In [None]:
import os
import numpy as np
import pandas as pd

test_images = 0

os.chdir('/kaggle/input/bms-molecular-translation')
print(os.listdir())

## Carregando Datasets

In [None]:
train_df = pd.read_csv('./train_labels.csv')
sample_df = pd.read_csv('./sample_submission.csv')
eai_df = pd.read_csv('./extra_approved_InChIs.csv')

In [None]:
train_df.head(3)

In [None]:
plt.imshow(cv2.imread('train/0/0/0/000011a64c74.png'))

In [None]:
sample_df.head(3)

# 

In [None]:
eai_df.head(3)

In [None]:
train_df.shape

In [None]:
def get_path_by_filename(filename, train=True):
    prefix = 'train' if train else 'test'
    return './{}/{}/{}/{}/{}.png'.format(
        prefix, filename[0], filename[1], filename[2], filename
    )

train_df['path'] = train_df['image_id'].apply(get_path_by_filename)
train_df.head(3)

## Visualizando os Dados

In [None]:
import matplotlib.pyplot as plt
import cv2

def plot_molecules(images):
    length = len(images)
    width = int(length ** .5)
    height = int(length / width)
    fig, axs = plt.subplots(width, height, figsize=(5 * width, 3 * height))
    fig.subplots_adjust(hspace=.2, wspace=.2)
    axs = axs.ravel()
    for index, (image_path, inChI) in enumerate(images):
        title = inChI[:20]
        img = cv2.imread(image_path)
        axs[index].imshow(img)
        axs[index].set_title('{}...'.format(title))
        axs[index].set_xticklabels([])
        axs[index].set_yticklabels([])
    plt.show()

In [None]:
def get_molecule_tuple(row):
    return (row['path'], row['InChI'])

sample_images = list(
    map(
        lambda index: get_molecule_tuple(train_df.iloc[index]),
        range(25)
    )
)

plot_molecules(sample_images)

## Rotulando as Imagens

Os rótulos consistem em camadas e subcamadas que são separadas pelo delimitador "/" e começam com uma letra de prefixo característica.
As seis camadas com subcamadas importantes são:

1) Camada principal

* Fórmula química (sem prefixo).

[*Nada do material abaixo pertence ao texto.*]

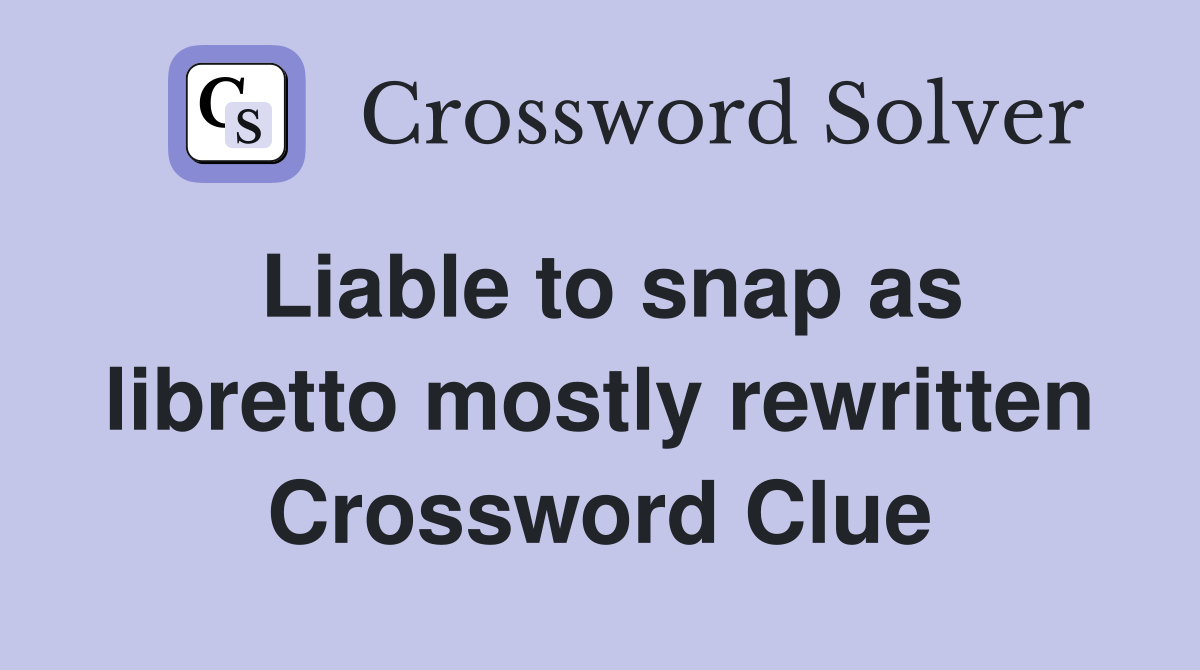 Liable to snap as libretto mostly rewritten Crossword Clue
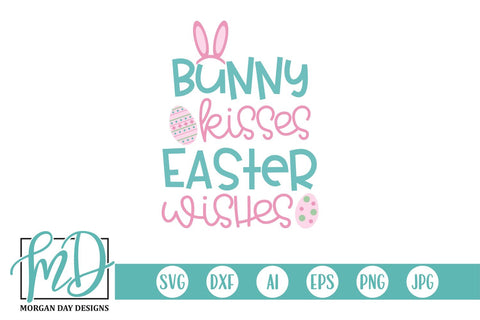 Bunny Kisses Easter Wishes SVG Morgan Day Designs 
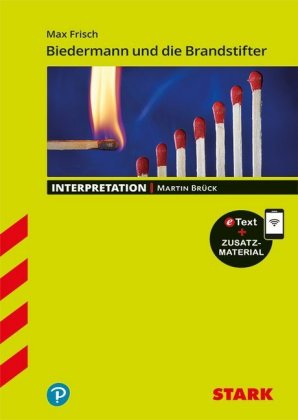 STARK Max Frisch: Biedermann und die Brandstifter - Deutsch - Interpretationen, m. 1 Buch, m. 1 Beil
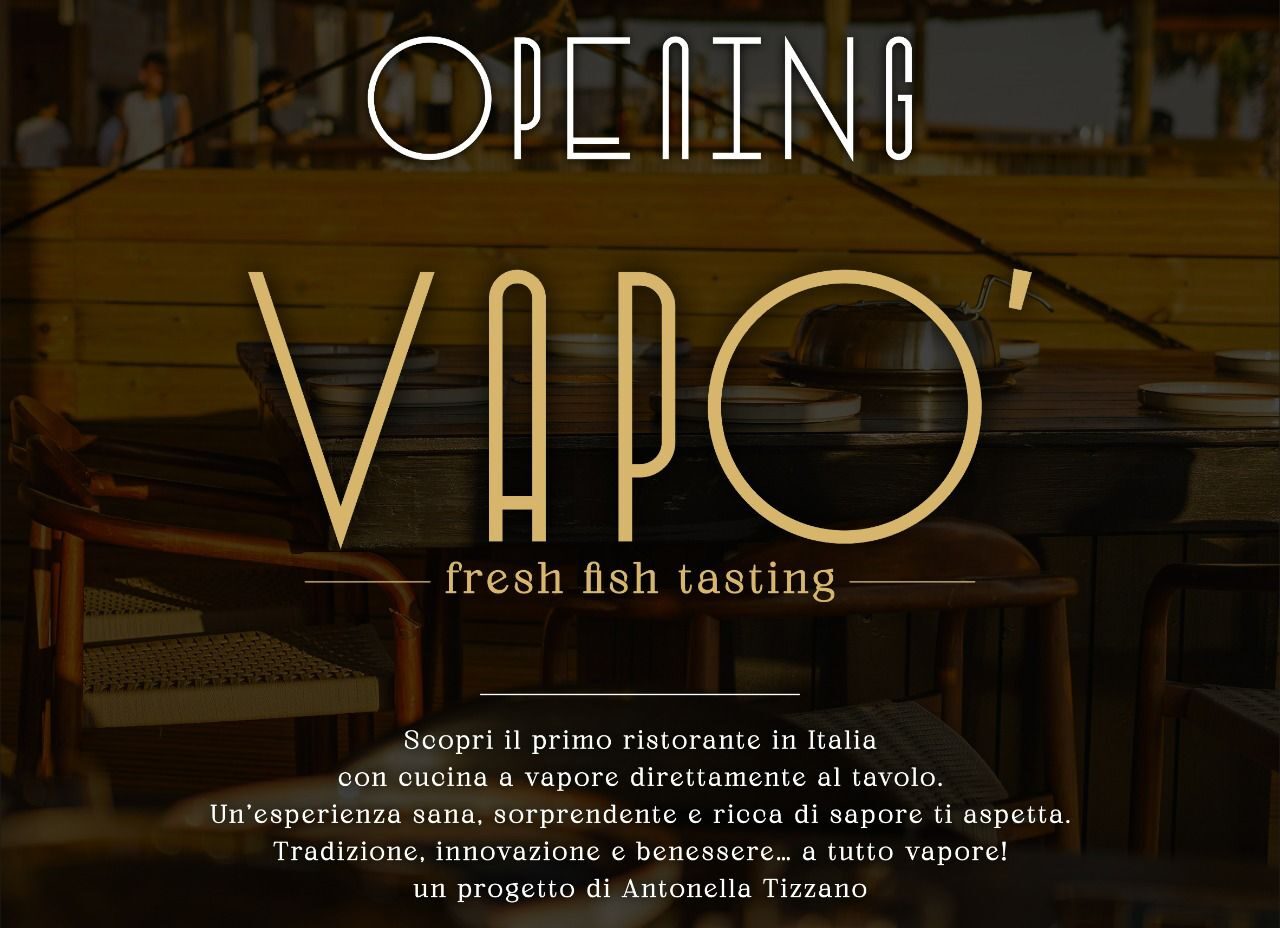VAPÒ: IL PRIMO RISTORANTE IN ITALIA CON CUCINA A VAPORE DIRETTAMENTE AL TAVOLO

Esta é a única subcamada que deve ocorrer em cada InChI.
* Conexões Atom (prefixo: "c"). Os átomos na fórmula química (exceto hidrogênios) são numerados em sequência; essa subcamada descreve quais átomos estão conectados por ligações a quais outros.
* Átomos de hidrogênio (prefixo: "h"). Descreve quantos átomos de hidrogênio estão conectados a cada um dos outros átomos.

2) Camada de carga
   
* subcamada de carga (prefixo: "q")
* subcamada de prótons (prefixo: "p" para "prótons")

3) Camada estereoquímica
   
* ligações duplas e cumulenos (prefixo: "b")
* estereoquímica tetraédrica de átomos e alenos (prefixos: "t", "m")
* tipo de informação estereoquímica (prefixo: "s")
4) Camada isotópica (prefixos: "i", "h", bem como "b", "t", "m", "s" para estereoquímica isotópica)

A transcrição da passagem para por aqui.